Luke's exploration of the Cave provokes similar feelings. A brash materialist, Luke takes his weapons into the dark tree against his master's advice. He brings this ‘crude matter’ into a place of the mind, and at his own peril.
The sequence inside the Cave is infinitely malleable.This time, it struck me as an apt metaphor for how we bring our own perspective with us when we watch a movie. So many people seem to get caught up on realism. Some of these things are fun to talk about and cheekily debate, but they do not matter. How long does Luke train? How long does it take the Millennium Falcon to limp to Cloud City? That's us bringing our reality with us into the dark room of the theater, imposing these things on the film. At the same time, however, we can only truly exist in our world.
This is where the theatrical experience comes to mind. It isn't just that the theater provides a venue for minimal distraction, though that is part of it. For the runtime of a film, the movie becomes reality. This is true for any kind of venue where we go to experience art. The Cave that Luke enters recalls the Chauvet cave paintings, which seem animated by the flicker of torchlight. Viewed in the darkness, they are static images, but the flickering light–the immaterial magic ingredient–gives them life. Humans have always gone into the darkness together to tell stories by the flickering light.

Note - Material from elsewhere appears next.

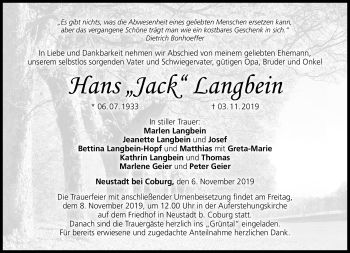 Traueranzeige von Hans Langbein von Neue Presse Coburg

This is how we dream in public, a way for us to tap into the collective unconscious. It just isn't the same without being in a communal space. Theaters, even sparsely attended ones, elevate the art form, bringing the monomyth and other stories from the unconscious to the conscious mind. We feel those feelings, and find community and commonality. This is our folklore. They may hit our unique perspectives differently, but we also participate in the larger community, and all of our experiences, plus the movie, blend together. While I am often moved by watching movies alone, the impact is compounded by experiencing them with others. Something about those others being strangers, all of us who have wandered into the temple together, makes it magical. Movies themselves, which only really exist as light on the wall of a cave, transcend the material world. They are luminous.